Requirement:
Please repeat exactly the lines below from the one containing "Danyela – Set" down to the one containing "Senior dachshund sleeping", both included, and nothing else.

The data:
# # #
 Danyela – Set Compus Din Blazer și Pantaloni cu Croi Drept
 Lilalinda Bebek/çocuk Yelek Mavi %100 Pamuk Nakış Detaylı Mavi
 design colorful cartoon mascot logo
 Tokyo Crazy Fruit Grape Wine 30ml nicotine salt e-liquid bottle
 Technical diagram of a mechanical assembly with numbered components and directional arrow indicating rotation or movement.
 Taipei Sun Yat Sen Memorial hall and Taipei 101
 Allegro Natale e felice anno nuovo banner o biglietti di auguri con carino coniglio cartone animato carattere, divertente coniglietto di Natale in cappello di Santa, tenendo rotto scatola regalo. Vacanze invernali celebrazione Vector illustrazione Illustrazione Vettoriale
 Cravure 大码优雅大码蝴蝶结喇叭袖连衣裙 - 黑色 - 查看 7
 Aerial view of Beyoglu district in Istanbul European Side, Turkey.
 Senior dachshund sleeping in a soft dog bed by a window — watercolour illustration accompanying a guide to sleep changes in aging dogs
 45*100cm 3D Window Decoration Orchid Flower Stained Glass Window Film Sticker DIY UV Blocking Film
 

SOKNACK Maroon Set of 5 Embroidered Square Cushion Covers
# # #
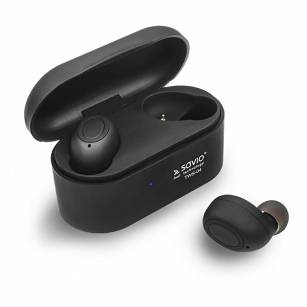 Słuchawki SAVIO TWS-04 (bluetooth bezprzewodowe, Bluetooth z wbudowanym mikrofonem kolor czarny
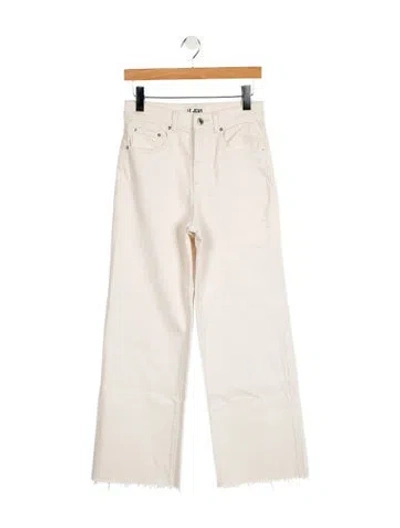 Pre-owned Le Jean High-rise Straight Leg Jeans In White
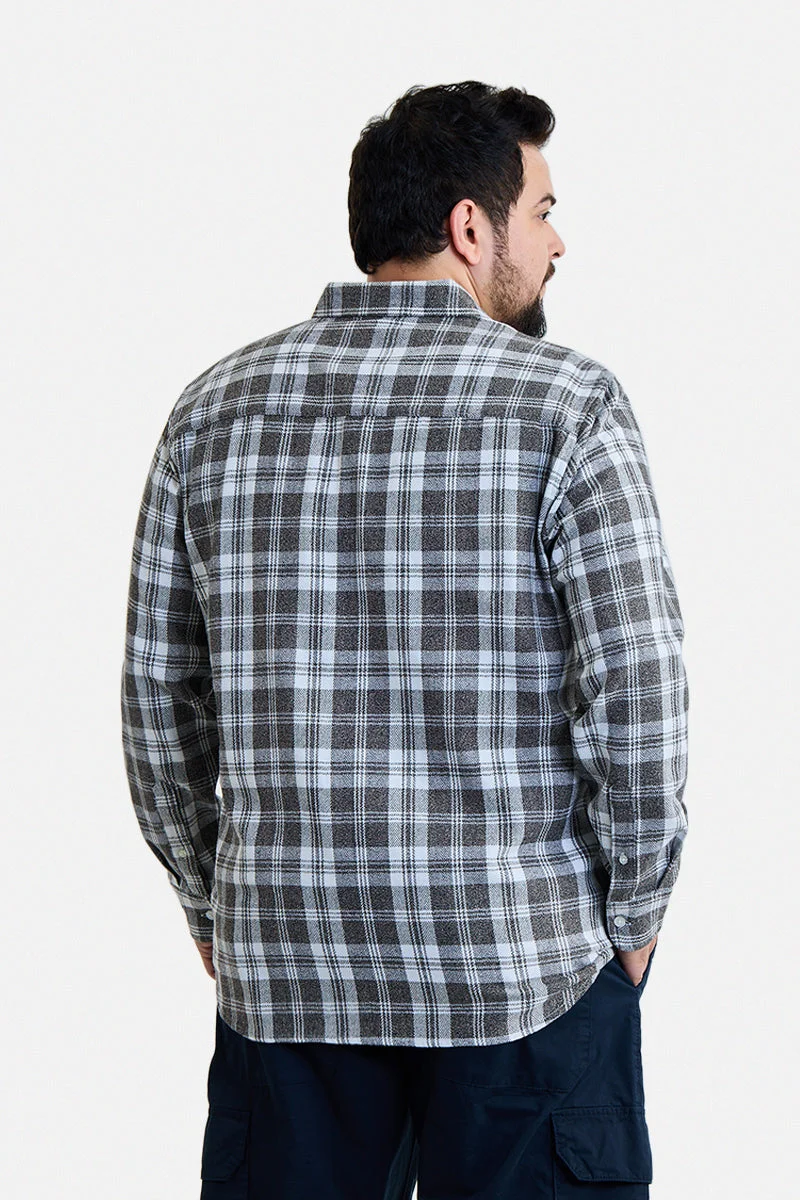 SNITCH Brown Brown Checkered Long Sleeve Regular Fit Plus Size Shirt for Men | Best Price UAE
# # #
Expected answer:
 Danyela – Set Compus Din Blazer și Pantaloni cu Croi Drept
 Lilalinda Bebek/çocuk Yelek Mavi %100 Pamuk Nakış Detaylı Mavi
 design colorful cartoon mascot logo
 Tokyo Crazy Fruit Grape Wine 30ml nicotine salt e-liquid bottle
 Technical diagram of a mechanical assembly with numbered components and directional arrow indicating rotation or movement.
 Taipei Sun Yat Sen Memorial hall and Taipei 101
 Allegro Natale e felice anno nuovo banner o biglietti di auguri con carino coniglio cartone animato carattere, divertente coniglietto di Natale in cappello di Santa, tenendo rotto scatola regalo. Vacanze invernali celebrazione Vector illustrazione Illustrazione Vettoriale
 Cravure 大码优雅大码蝴蝶结喇叭袖连衣裙 - 黑色 - 查看 7
 Aerial view of Beyoglu district in Istanbul European Side, Turkey.
 Senior dachshund sleeping in a soft dog bed by a window — watercolour illustration accompanying a guide to sleep changes in aging dogs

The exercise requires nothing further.